The Czech EU presidency said on Monday the EU would consider increasing
its sanctions against the Burmese regime after the junta put opposition
icon Aung San Suu Kyi on trial. Speaking ahead of a meeting of foreign
ministers in Brussels, Czech Foreign Minister Jan Kohout said the EU would
first call on the Burmese authorities to release Aung San Suu Kyi and go
forward with sanctions if the appeal went unanswered. In view of the
restricted impact of such sanctions the EU wants to try to persuade other
states, particularly China, to also apply pressure. The matter is expected
to be brought up at an EU-Chinese summit in Prague this Wednesday.
On Friday the former Czech president Václav Havel urged UN chief Ban
Ki-moon to use his authority to secure the release of pro-democracy icon
Aung San Suu Kyi. In an open letter published by the čtk news agency, Mr.
Havel called on the UN chief to personally intervene in the matter in
order
to prevent a show trial.
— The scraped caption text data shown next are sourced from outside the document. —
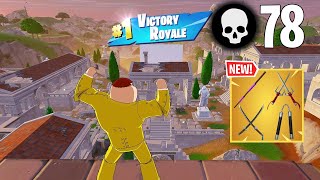 78 Elimination Solo vs Squads Wins Fortnite Chapter 5 Gameplay Ps4 Controller [upl. by Noied]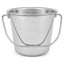 Jeffers Multi-Purpose Stainless Steel Pails with Handle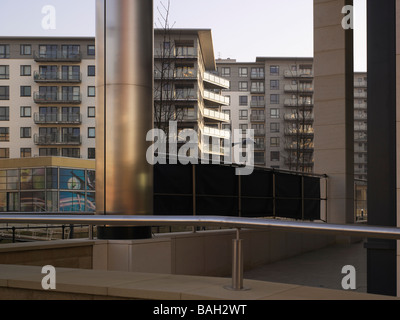 CLARENCE DOCK, CAREY Jones Architects, Leeds, Royaume-Uni Banque D'Images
The 72-year-old playwright, dissident and hero of
the 1989 Velvet Revolution, said many people in Burma were in need of help
since the junta had imprisoned more than 2,100 political detainees.
Aung San Suu Kyi, 63, is facing five years in jail on charges of breaching
the terms of her house arrest after a bizarre incident in which a US man
swam to her off-limits lakeside house in the capital Yangon.